Final answer:
To find the standard form of the equation of a circle given endpoints of a diameter, we can find the midpoint of the diameter to determine the center of the circle. The radius can be found using the distance formula between the center and one of the endpoints. Plugging the center and radius into the standard form equation (x - h)^2 + (y - k)^2 = r^2 gives the equation of the circle.
Step-by-step explanation:
To find the standard form of the equation of a circle, we need to find the center and radius of the circle. We can start by finding the midpoint of the diameter, which is the average of the x-coordinates and the average of the y-coordinates. Using the endpoints (-10,5) and (3,1), we find that the midpoint is ((-10 + 3)/2, (5 + 1)/2) = (-3.5, 3). This is the center of the circle, (h, k).
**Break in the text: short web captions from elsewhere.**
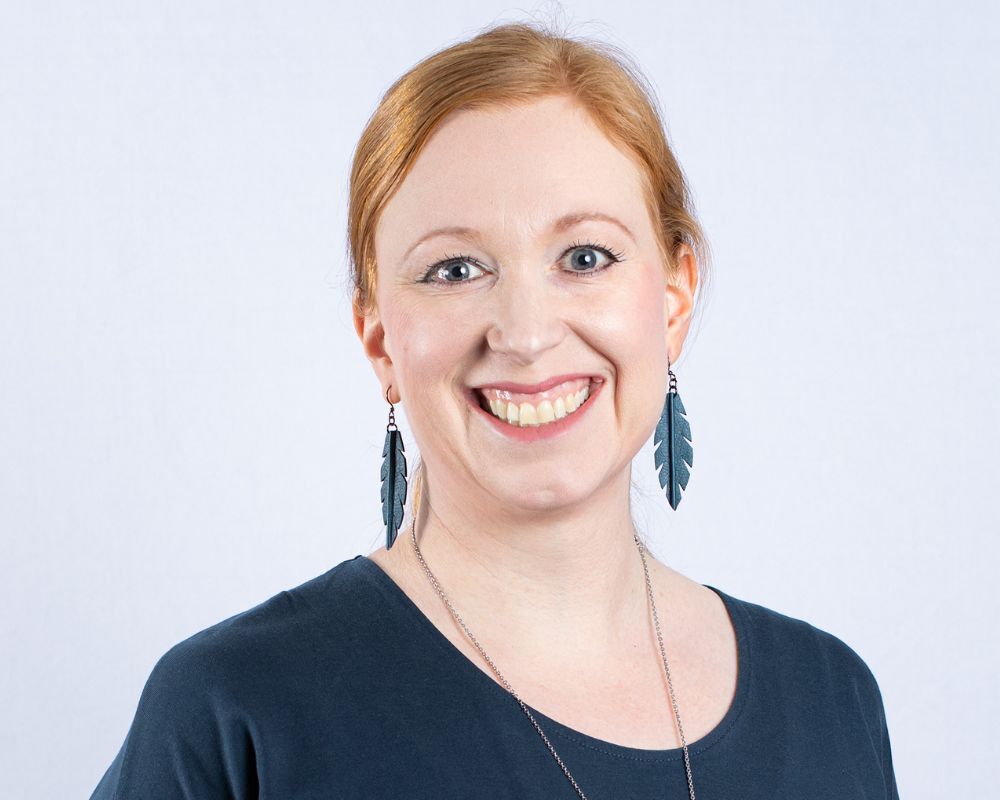 Eeva Hanni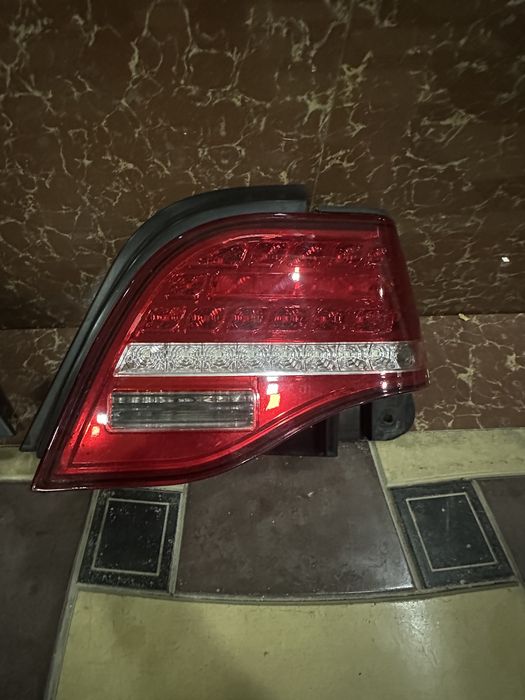 Nexia 2 orqa stop holati ideal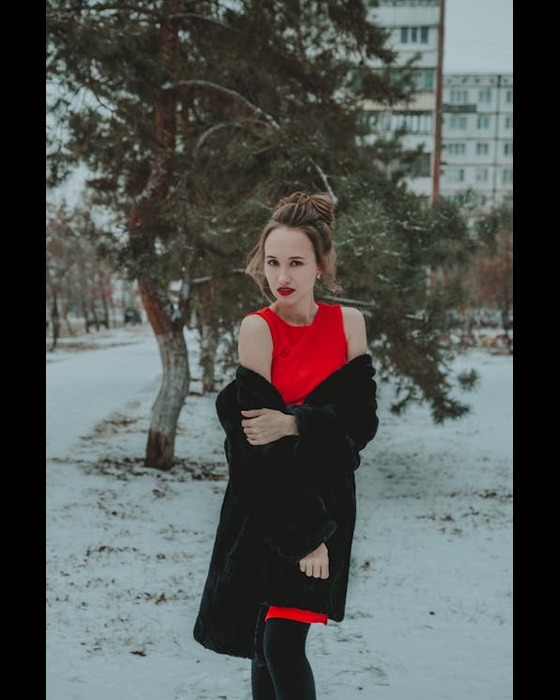 Winter Outfits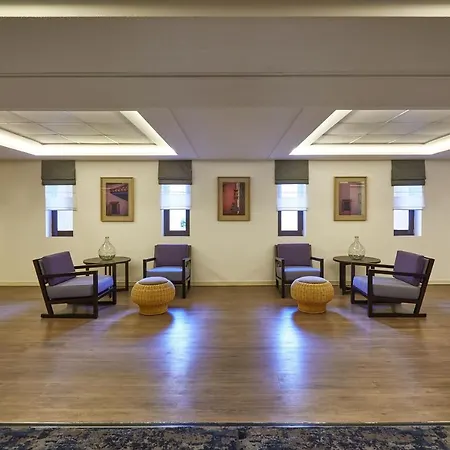 Sheraton Rhodes 5* Ixia (Rhodes)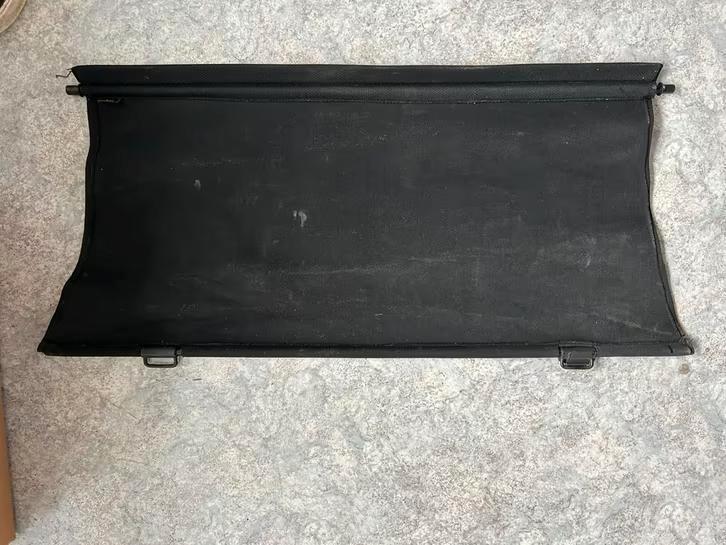 Opel Tigra Kofferbak doek, Auto-onderdelen, Ophalen, Nieuw, Opel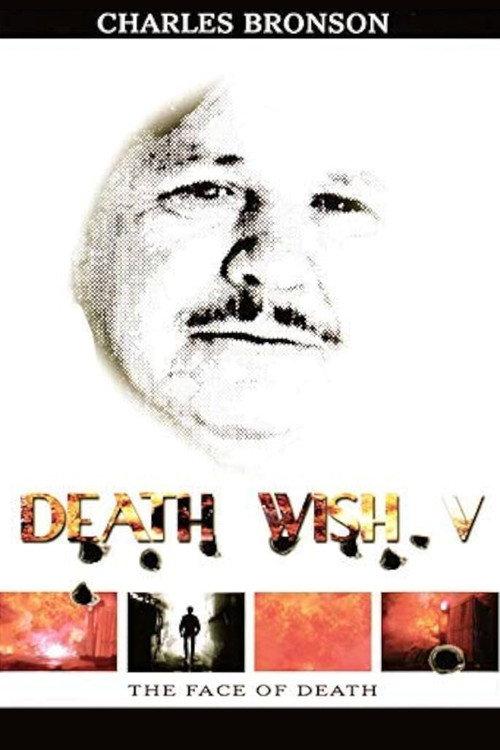 猛龙怪客5：死神现身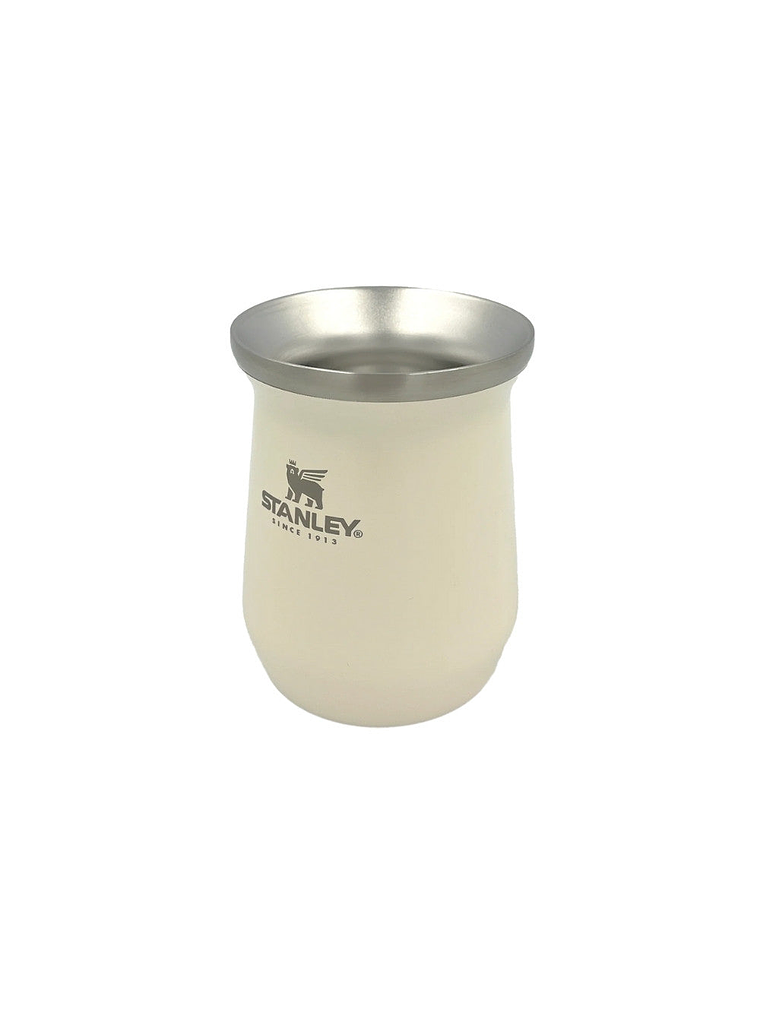 MATERO STANLEY CREAM 236 ML 2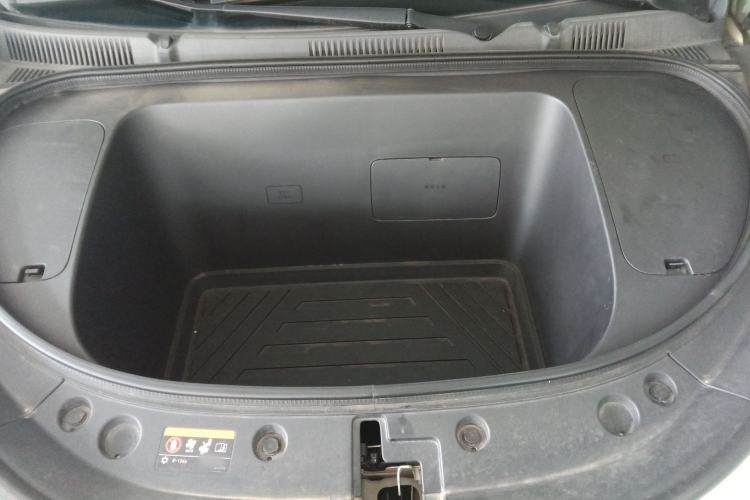 Used  Geome 2025 UP 410km Exploration+ Edition
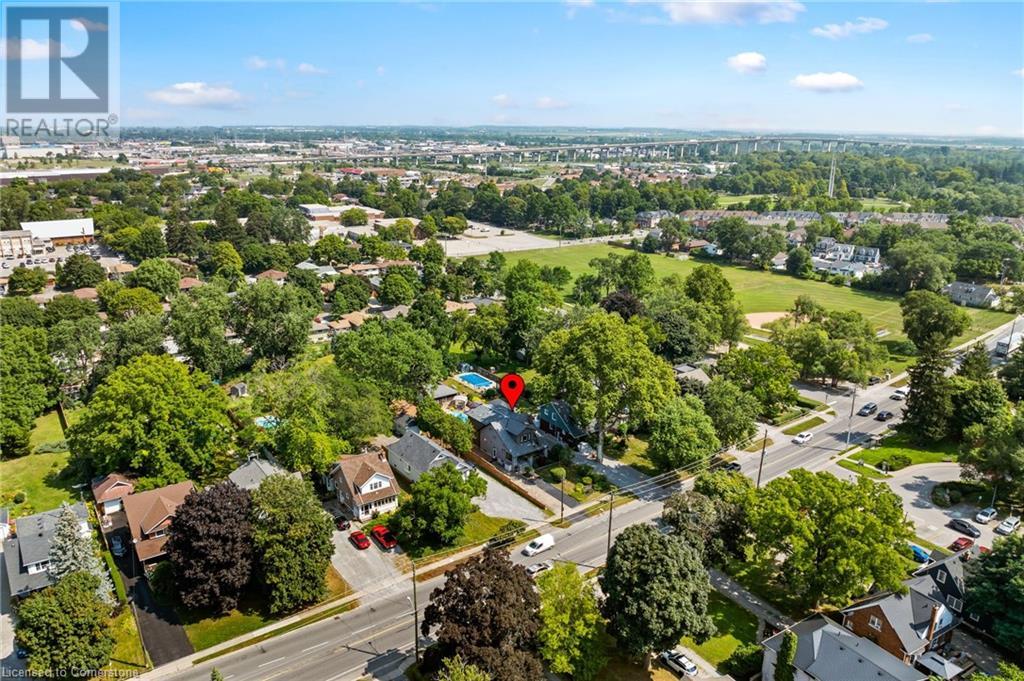 369 Queenston Street, St. Catharines, Ontario  L2P 2Y1 - Photo 47 - 40678735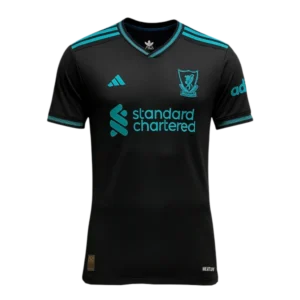 Liverpool 2026/27 Special Edition Soccer Jersey - Player Version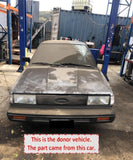 1989 NISSAN SENTRA Front Windshield Wiper Arm w/o Blade Right Passenger Side RH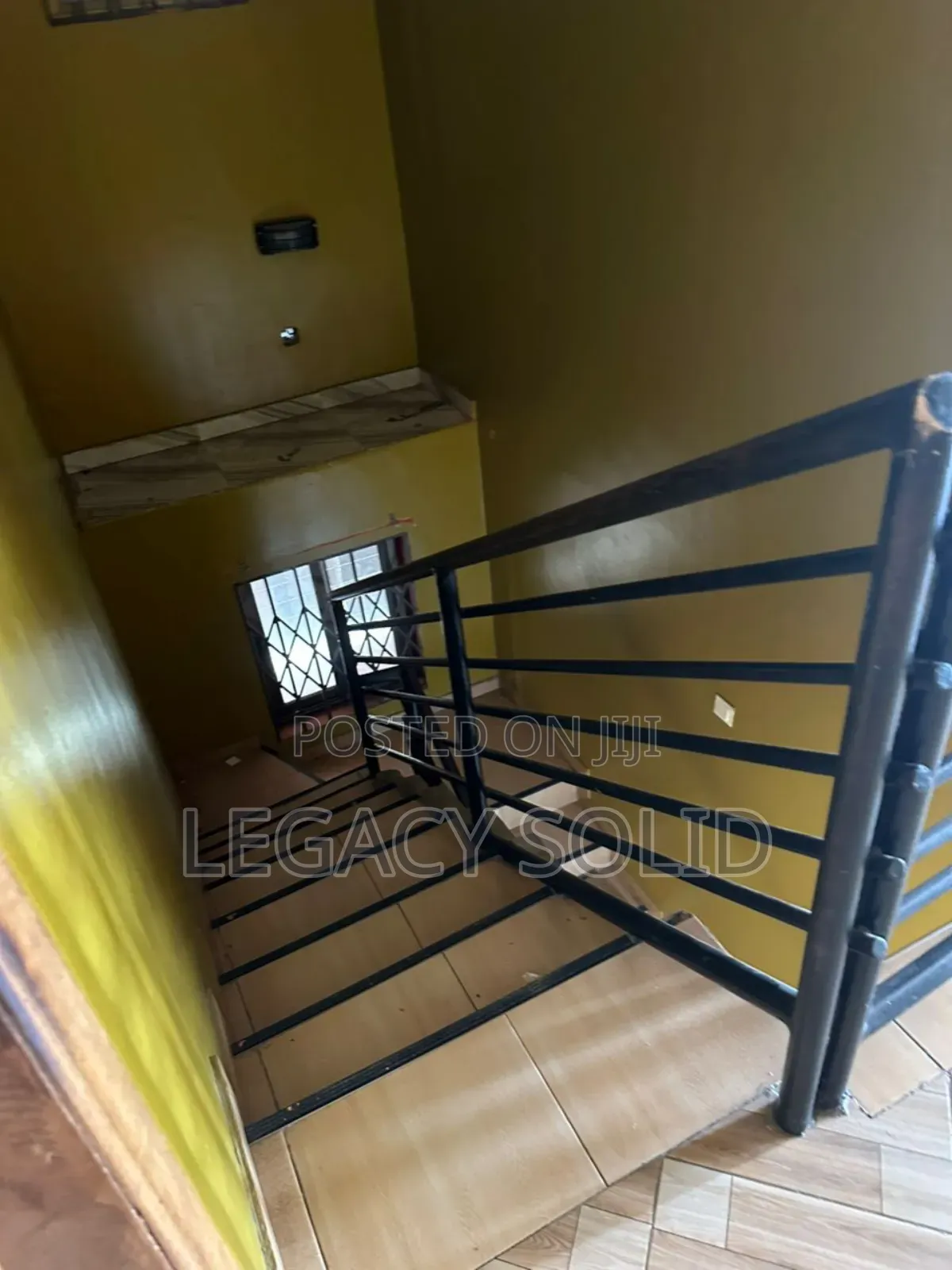 4bdrm House in 𝙻𝚎𝚐𝚊𝚌𝚢 𝚜𝚘𝚕𝚒𝚍 𝚛𝚎𝚊𝚕, Spintex for rent
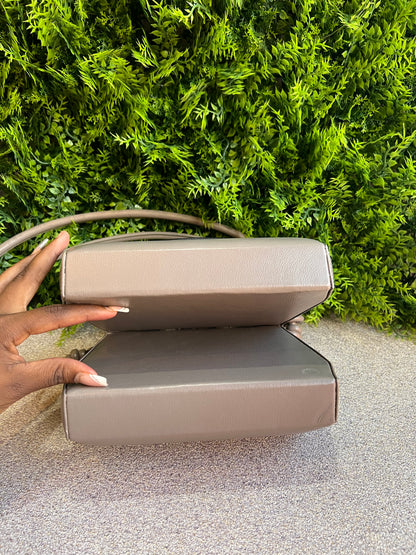 Soleah Mini Paseo Cinza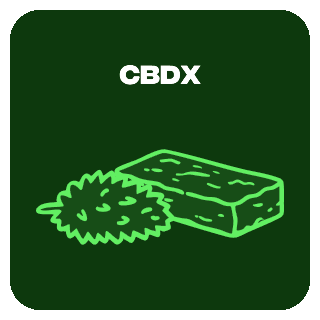 CBDX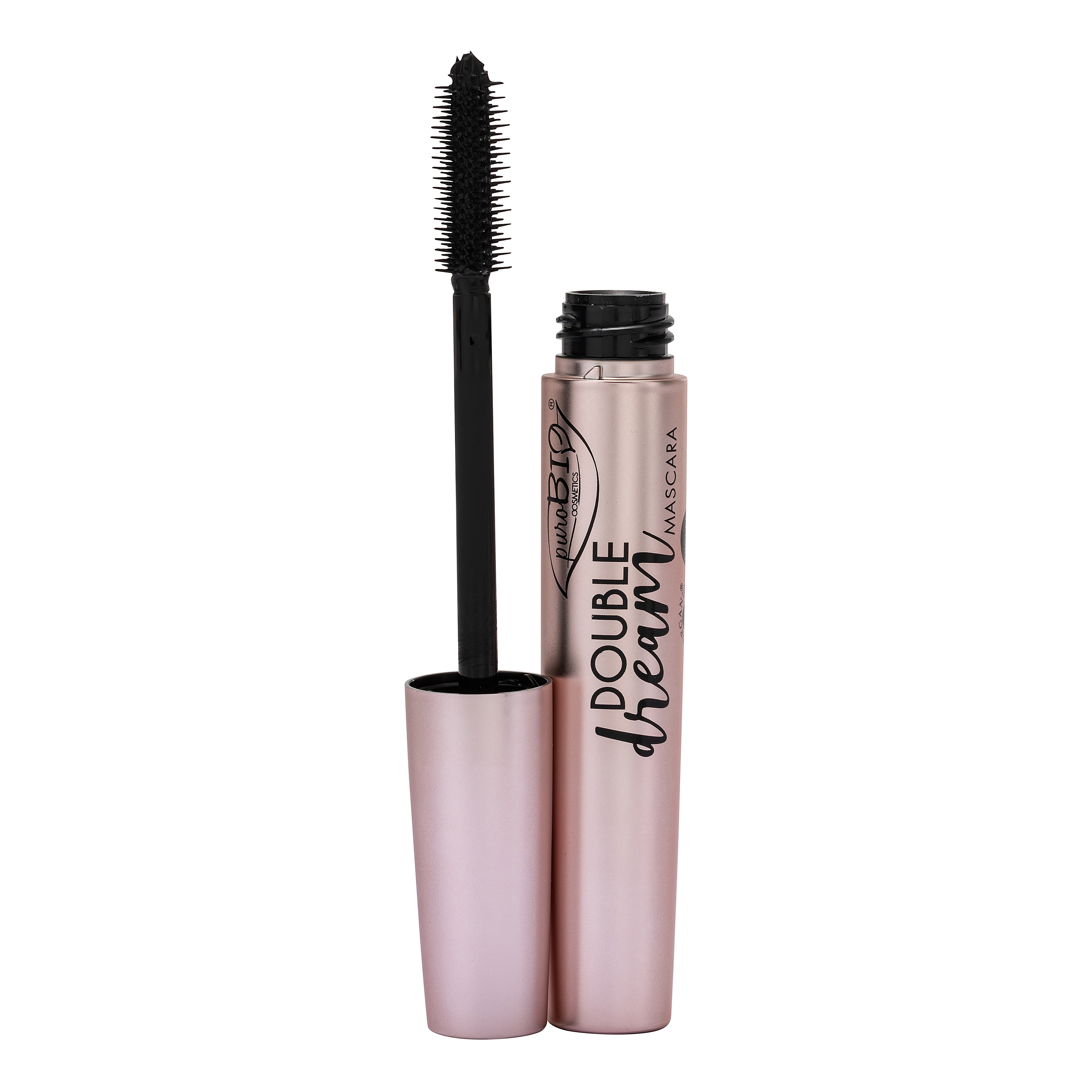 Double Dream Supreme - Mascara N.03 Nero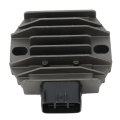 Powersports Alternator Rectifiers Fit For 2004-2013 Yamaha 350 2001-2005 660r 2006-2017 700 2009 2011-2017 700r 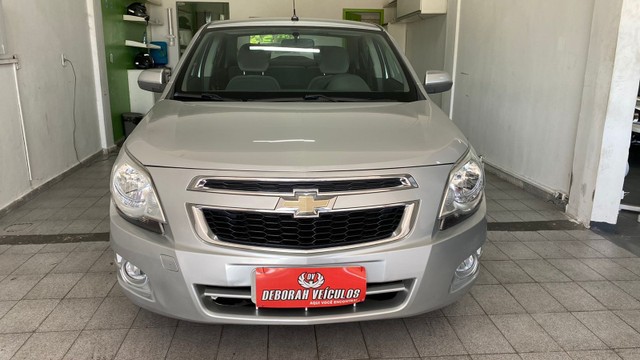 COBALT LTZ 1.4 COMPLETO ANO 2015/15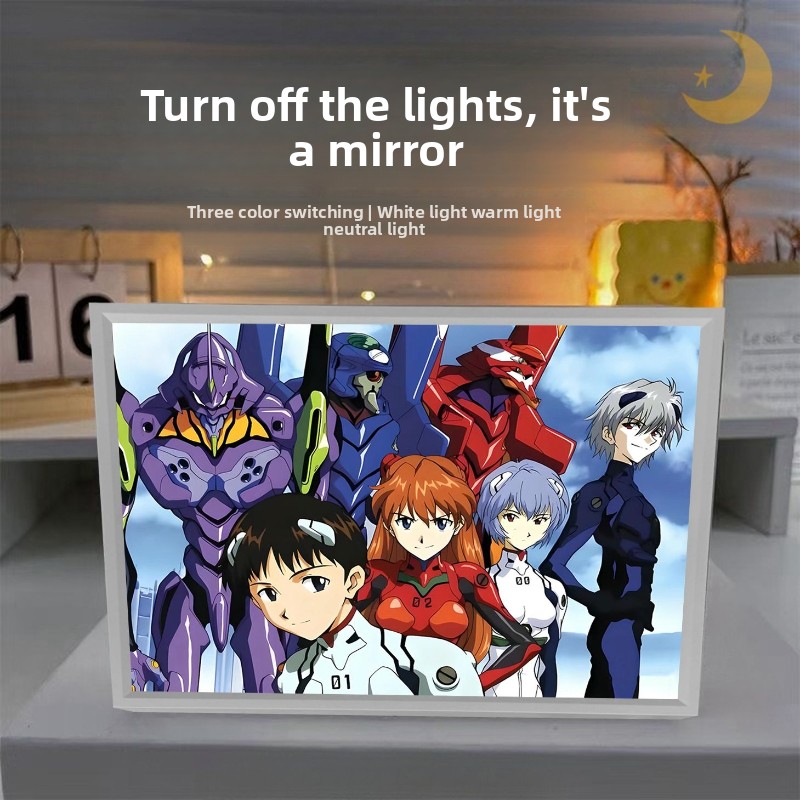 EVA-01 TEST TYPE Anime Merchan - Evangelion Anime Merchandise 리뷰 및 가격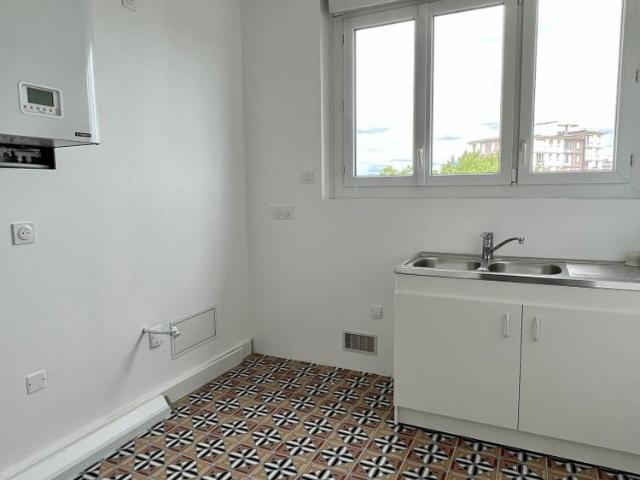 Location Appartement RENNES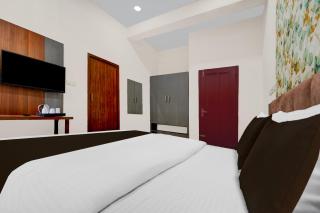 Super Townhouse Thondayad Calicut Formerly Dream Casa - Kakkayam - 8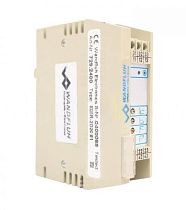 Аналоговый усилитель Wandfluh Electronic S05R-2D20 с LED-индикатором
Next, we need to find the radius. We can use the distance formula to find the distance between the center and one of the endpoints of the diameter. Using the center (-3.5, 3) and the endpoint (-10, 5), we get the radius r = √((-3.5 - -10)^2 + (3 - 5)^2) = √((-3.5 + 10)^2 + (3 - 5)^2) = √((6.5)^2 + (-2)^2) = √(42.25 + 4) = √46.25.
Now we have the center (h, k) = (-3.5, 3) and the radius r = √46.25. Plugging these values into the standard form equation of a circle (x - h)^2 + (y - k)^2 = r^2, we get the equation (-3.5 - h)^2 + (y - 3)^2 = 46.25.